_Required work_
The answer consists of the lines from the line holding "NEW TIMKEN 476470" through the last line of the entries, retyped exactly, and nothing else. No pictures belong in it.

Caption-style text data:
======
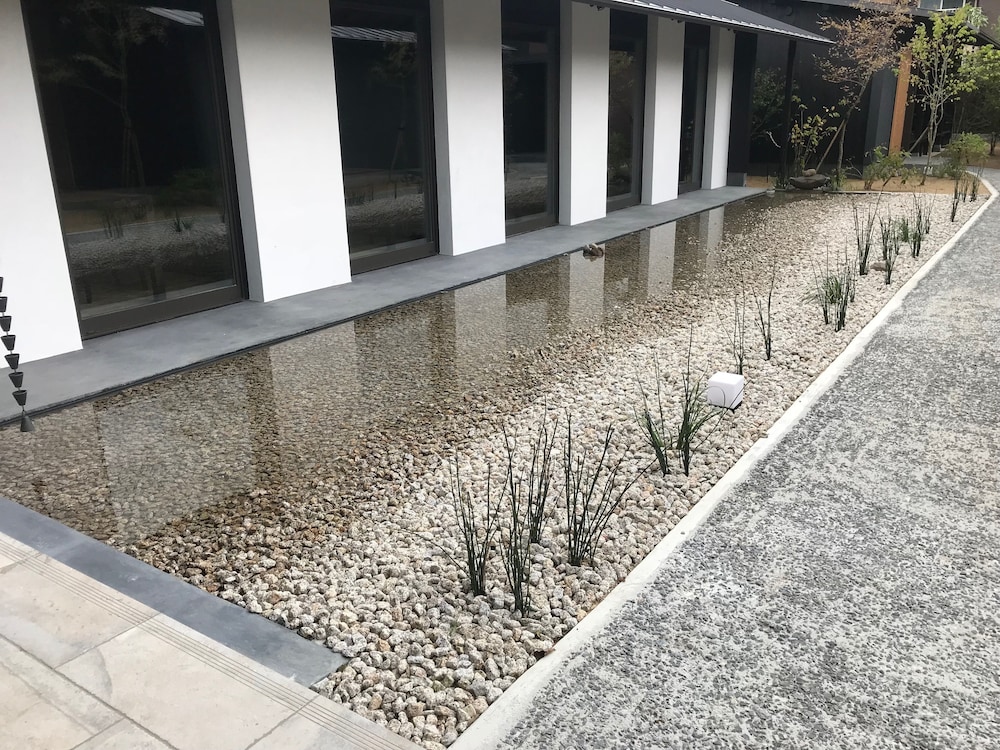 由布院 六花 大分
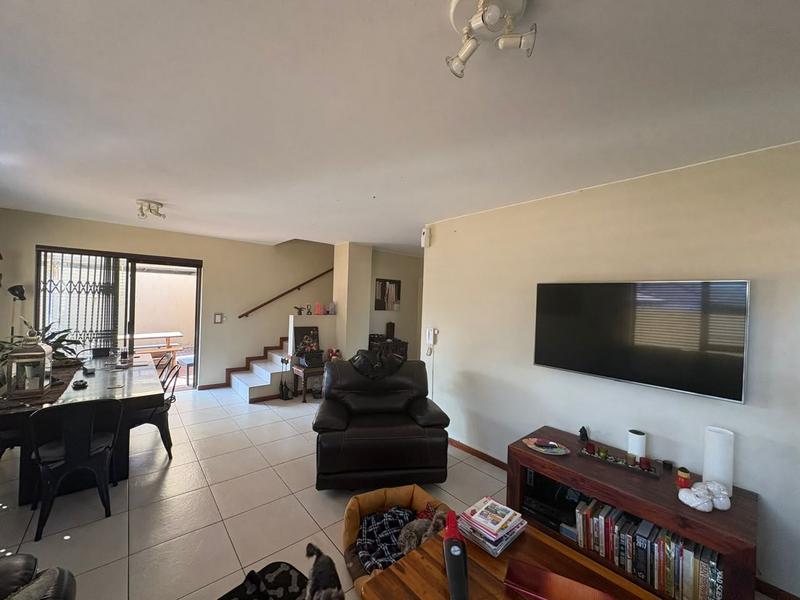 3 Bedroom Property for Sale in Edenvale Gauteng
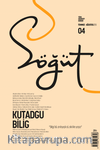 Söğüt - Türk Edebiyatı Dergisi Sayı 04 / Temmuz - Ağustos 2020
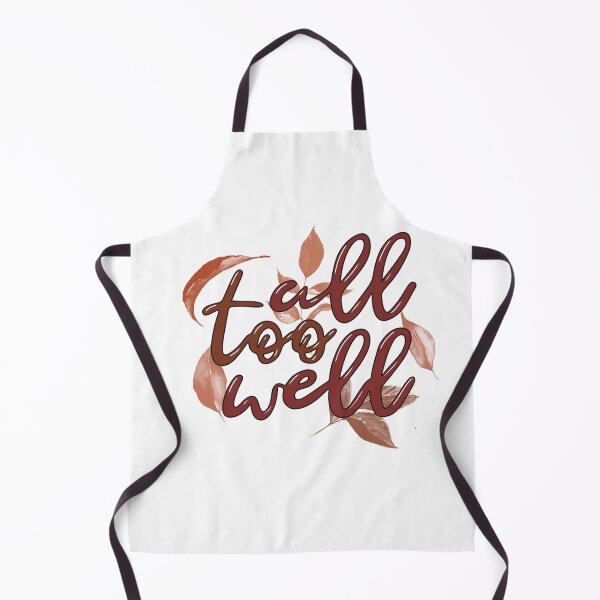 Item preview, All Too Well designed and sold by taylors-version.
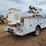 2012-ram-5500-chassis-regular-cab-2d-bucket-truck-image-6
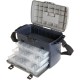 Ящик Select Tackle System SLHS-320 46x24x32cm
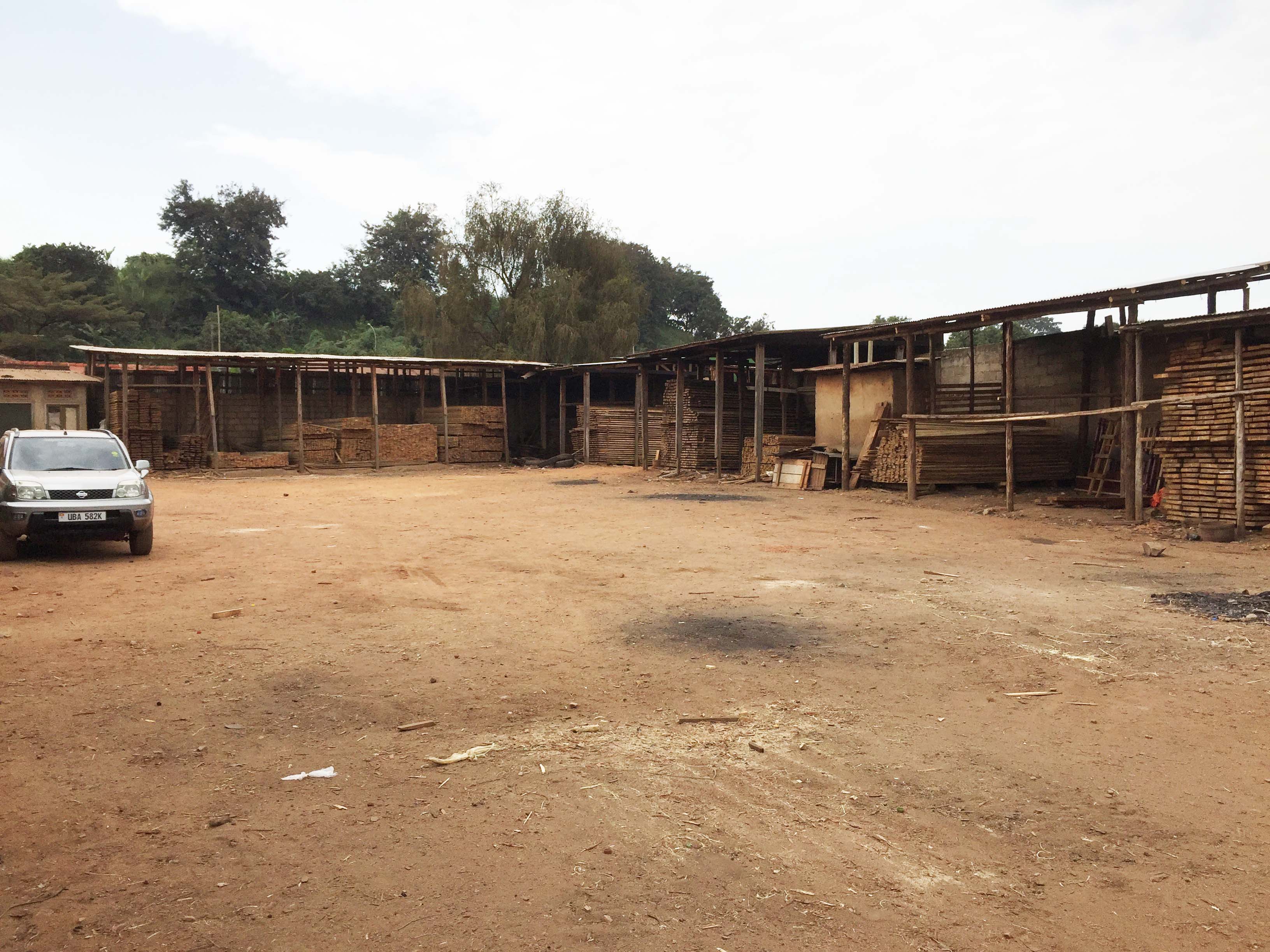 Besepo Uganda, Tree Growers, Uganda Timber Dealers, Timber Supply of Pine Timber, Mahogany Timber, Eucalyptus Timber, Hardwood, Softwood, Timbers  Ndeeba Kampala Uganda, Ugabox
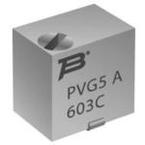 PVG5A103C03B00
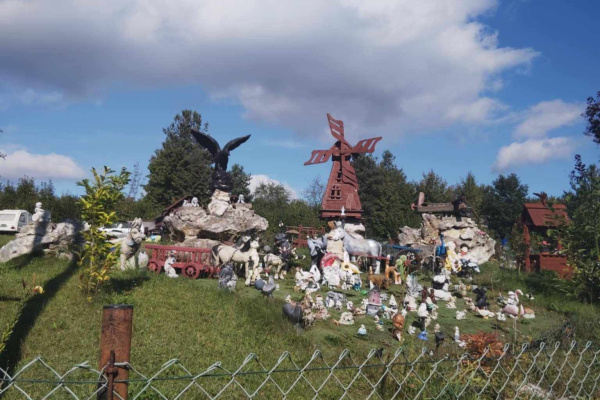 IV Inspiratorium edukacyjne – „Odnaleźć w sobie dziecko” już za nami!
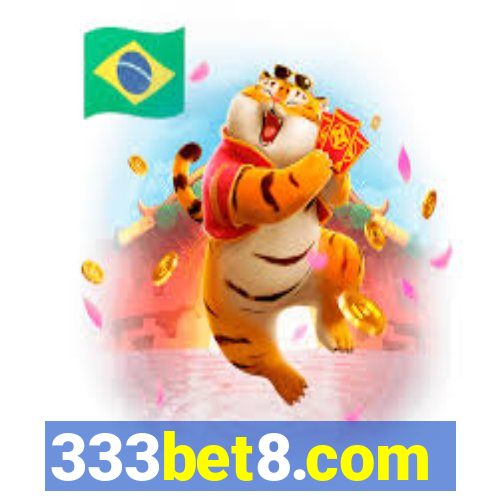 333bet8.com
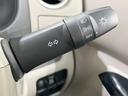 Ｘ　純正ナビ　電動スライドドア　全周囲カメラ　衝突被害軽減システム　禁煙車　スマートキー　オートエアコン　Ｂｌｕｅｔｏｏｔｈ　ＣＤ　ＤＶＤ再生　フルセグ（39枚目）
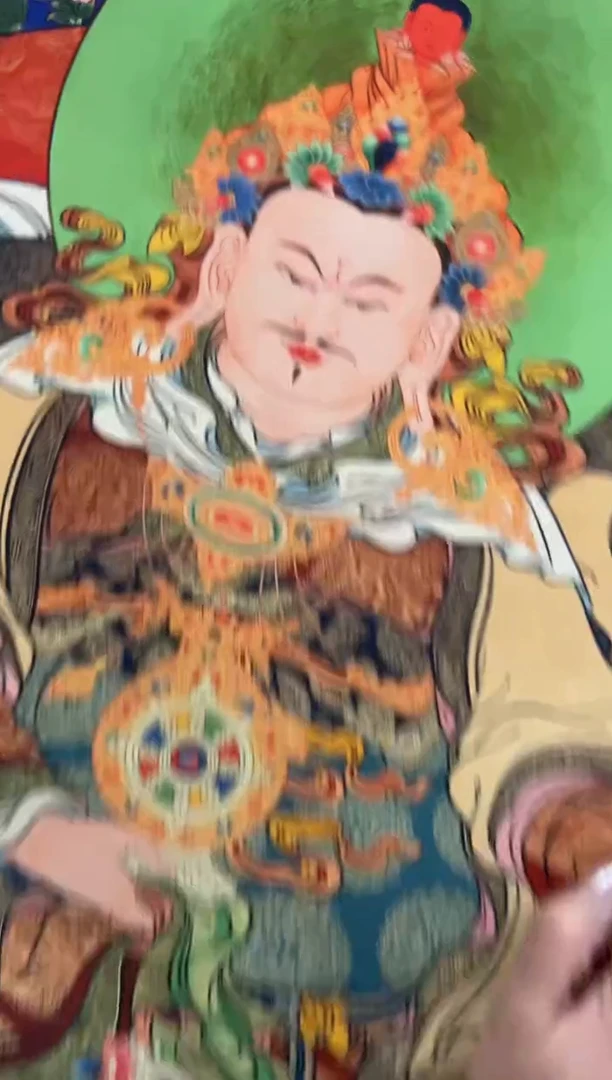 装裱画装裱画装裱画装裱画装裱画86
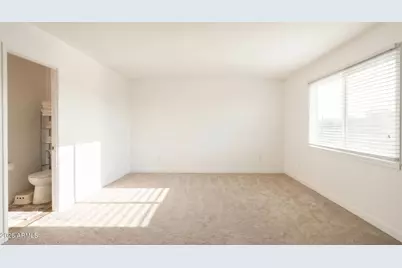 1732 E Baker Drive, Tempe, AZ 85282 - Photo 15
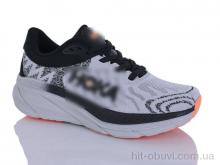 Кроссовки FED 3527-2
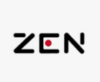 ZEN Group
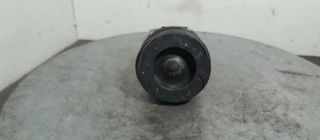 1014247 pistón a6510300417 mercedes clase e 2.1 e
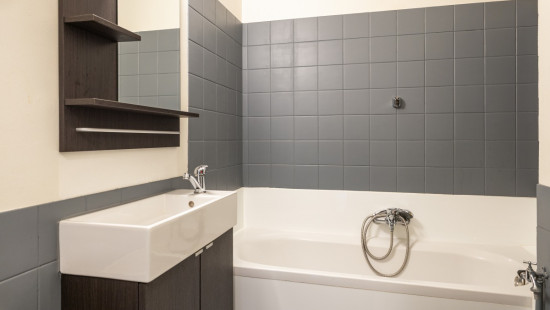 Nieuwpoortsesteenweg - 723 - - 8400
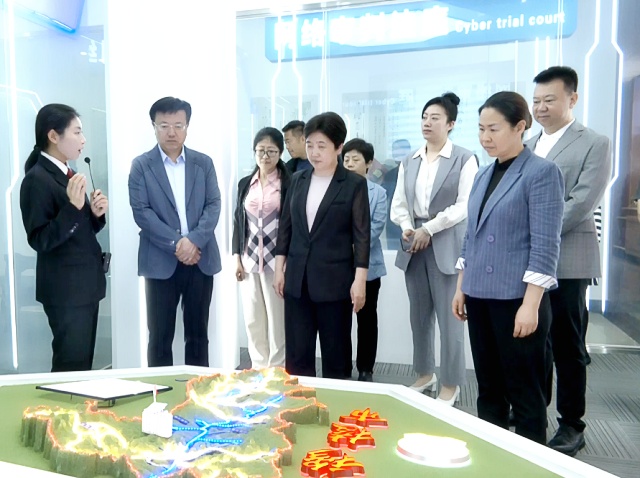 图片1_副本.jpg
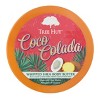 Tree Hut Coco Colada Whipped Body Butter - 8.4 fl oz - image 3 of 4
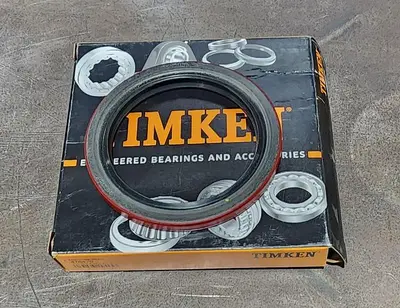 NEW TIMKEN 476470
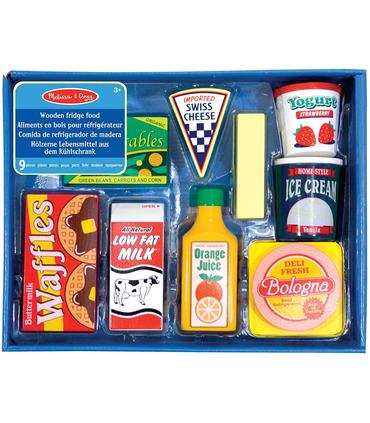 comida-de-refrigerador-de-madera-md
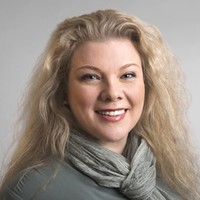 OSS Nordic AB Employee Therese Bäck's profile photo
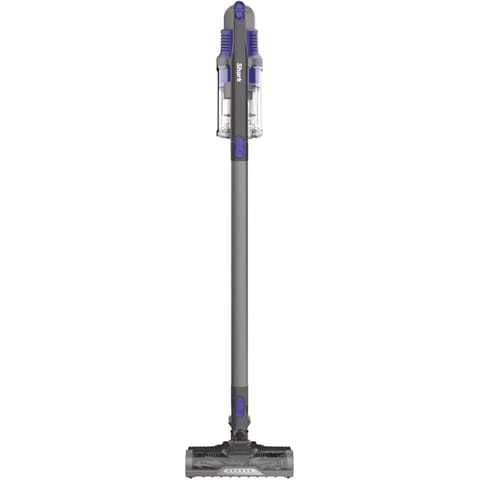 Shark Rocket Bagless Cordless Foam Sleeve Filter Stick Vacuum Mfr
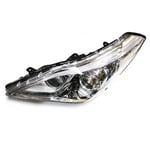 صورة Front Left Headlight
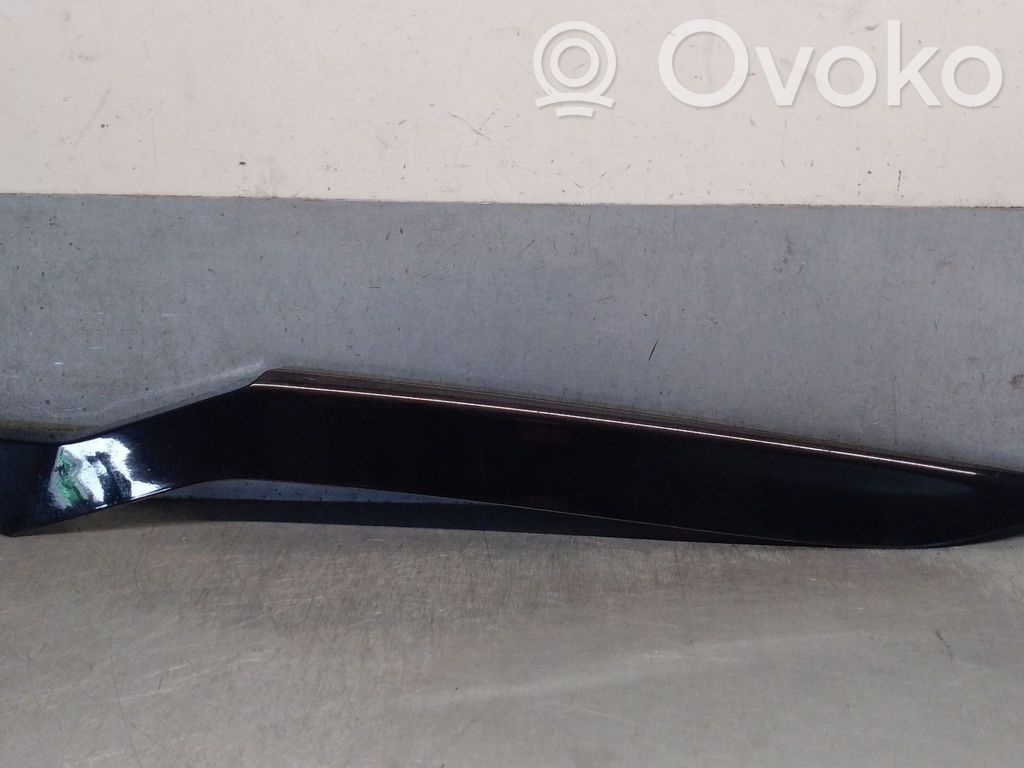 Moldura del panel   87850CV000,87850CV000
======
_Answer to this exercise_
 NEW TIMKEN 476470
 comida-de-refrigerador-de-madera-md
 OSS Nordic AB Employee Therese Bäck's profile photo
 Shark Rocket Bagless Cordless Foam Sleeve Filter Stick Vacuum Mfr
 صورة Front Left Headlight
 Moldura del panel   87850CV000,87850CV000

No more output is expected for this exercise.